Without any alteration, retype the records that appear below.
*** Opening Data to process ***
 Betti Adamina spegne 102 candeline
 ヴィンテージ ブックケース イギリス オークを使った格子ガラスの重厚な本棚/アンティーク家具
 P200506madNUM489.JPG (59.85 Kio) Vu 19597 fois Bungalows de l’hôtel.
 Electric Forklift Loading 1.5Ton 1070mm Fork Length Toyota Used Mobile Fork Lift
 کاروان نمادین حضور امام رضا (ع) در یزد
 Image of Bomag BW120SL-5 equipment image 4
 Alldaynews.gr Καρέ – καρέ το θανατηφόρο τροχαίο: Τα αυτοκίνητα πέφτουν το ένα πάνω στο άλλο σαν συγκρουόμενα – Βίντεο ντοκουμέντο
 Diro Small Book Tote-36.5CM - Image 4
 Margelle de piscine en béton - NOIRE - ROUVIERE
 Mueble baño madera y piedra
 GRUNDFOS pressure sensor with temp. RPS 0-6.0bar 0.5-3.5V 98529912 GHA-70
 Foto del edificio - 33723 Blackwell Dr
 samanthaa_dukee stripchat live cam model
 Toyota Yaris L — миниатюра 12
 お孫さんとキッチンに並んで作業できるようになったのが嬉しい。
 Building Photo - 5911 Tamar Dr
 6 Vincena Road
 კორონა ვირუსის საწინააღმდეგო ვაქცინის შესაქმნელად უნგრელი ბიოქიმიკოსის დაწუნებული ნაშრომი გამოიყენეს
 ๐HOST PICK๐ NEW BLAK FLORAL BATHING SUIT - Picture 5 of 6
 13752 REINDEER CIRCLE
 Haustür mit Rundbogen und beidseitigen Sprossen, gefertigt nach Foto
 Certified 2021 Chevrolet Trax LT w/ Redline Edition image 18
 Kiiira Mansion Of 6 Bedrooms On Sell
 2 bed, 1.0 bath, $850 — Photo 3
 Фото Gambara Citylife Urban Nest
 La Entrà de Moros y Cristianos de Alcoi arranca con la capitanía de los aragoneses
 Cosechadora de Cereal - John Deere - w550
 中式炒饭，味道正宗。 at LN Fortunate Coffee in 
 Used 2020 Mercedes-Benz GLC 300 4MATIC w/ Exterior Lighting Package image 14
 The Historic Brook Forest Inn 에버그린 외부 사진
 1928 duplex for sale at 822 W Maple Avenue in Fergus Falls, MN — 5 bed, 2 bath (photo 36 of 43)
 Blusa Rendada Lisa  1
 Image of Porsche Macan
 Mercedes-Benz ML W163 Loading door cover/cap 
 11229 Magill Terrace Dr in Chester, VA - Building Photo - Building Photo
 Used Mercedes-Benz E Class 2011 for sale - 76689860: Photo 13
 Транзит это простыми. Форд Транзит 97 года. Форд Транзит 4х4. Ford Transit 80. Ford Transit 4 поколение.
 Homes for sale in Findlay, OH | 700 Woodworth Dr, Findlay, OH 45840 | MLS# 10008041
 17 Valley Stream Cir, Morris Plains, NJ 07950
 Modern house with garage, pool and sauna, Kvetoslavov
*** Closing Data to process ***
*Response*.
 Betti Adamina spegne 102 candeline
 ヴィンテージ ブックケース イギリス オークを使った格子ガラスの重厚な本棚/アンティーク家具
 P200506madNUM489.JPG (59.85 Kio) Vu 19597 fois Bungalows de l’hôtel.
 Electric Forklift Loading 1.5Ton 1070mm Fork Length Toyota Used Mobile Fork Lift
 کاروان نمادین حضور امام رضا (ع) در یزد
 Image of Bomag BW120SL-5 equipment image 4
 Alldaynews.gr Καρέ – καρέ το θανατηφόρο τροχαίο: Τα αυτοκίνητα πέφτουν το ένα πάνω στο άλλο σαν συγκρουόμενα – Βίντεο ντοκουμέντο
 Diro Small Book Tote-36.5CM - Image 4
 Margelle de piscine en béton - NOIRE - ROUVIERE
 Mueble baño madera y piedra
 GRUNDFOS pressure sensor with temp. RPS 0-6.0bar 0.5-3.5V 98529912 GHA-70
 Foto del edificio - 33723 Blackwell Dr
 samanthaa_dukee stripchat live cam model
 Toyota Yaris L — миниатюра 12
 お孫さんとキッチンに並んで作業できるようになったのが嬉しい。
 Building Photo - 5911 Tamar Dr
 6 Vincena Road
 კორონა ვირუსის საწინააღმდეგო ვაქცინის შესაქმნელად უნგრელი ბიოქიმიკოსის დაწუნებული ნაშრომი გამოიყენეს
 ๐HOST PICK๐ NEW BLAK FLORAL BATHING SUIT - Picture 5 of 6
 13752 REINDEER CIRCLE
 Haustür mit Rundbogen und beidseitigen Sprossen, gefertigt nach Foto
 Certified 2021 Chevrolet Trax LT w/ Redline Edition image 18
 Kiiira Mansion Of 6 Bedrooms On Sell
 2 bed, 1.0 bath, $850 — Photo 3
 Фото Gambara Citylife Urban Nest
 La Entrà de Moros y Cristianos de Alcoi arranca con la capitanía de los aragoneses
 Cosechadora de Cereal - John Deere - w550
 中式炒饭，味道正宗。 at LN Fortunate Coffee in 
 Used 2020 Mercedes-Benz GLC 300 4MATIC w/ Exterior Lighting Package image 14
 The Historic Brook Forest Inn 에버그린 외부 사진
 1928 duplex for sale at 822 W Maple Avenue in Fergus Falls, MN — 5 bed, 2 bath (photo 36 of 43)
 Blusa Rendada Lisa  1
 Image of Porsche Macan
 Mercedes-Benz ML W163 Loading door cover/cap 
 11229 Magill Terrace Dr in Chester, VA - Building Photo - Building Photo
 Used Mercedes-Benz E Class 2011 for sale - 76689860: Photo 13
 Транзит это простыми. Форд Транзит 97 года. Форд Транзит 4х4. Ford Transit 80. Ford Transit 4 поколение.
 Homes for sale in Findlay, OH | 700 Woodworth Dr, Findlay, OH 45840 | MLS# 10008041
 17 Valley Stream Cir, Morris Plains, NJ 07950
 Modern house with garage, pool and sauna, Kvetoslavov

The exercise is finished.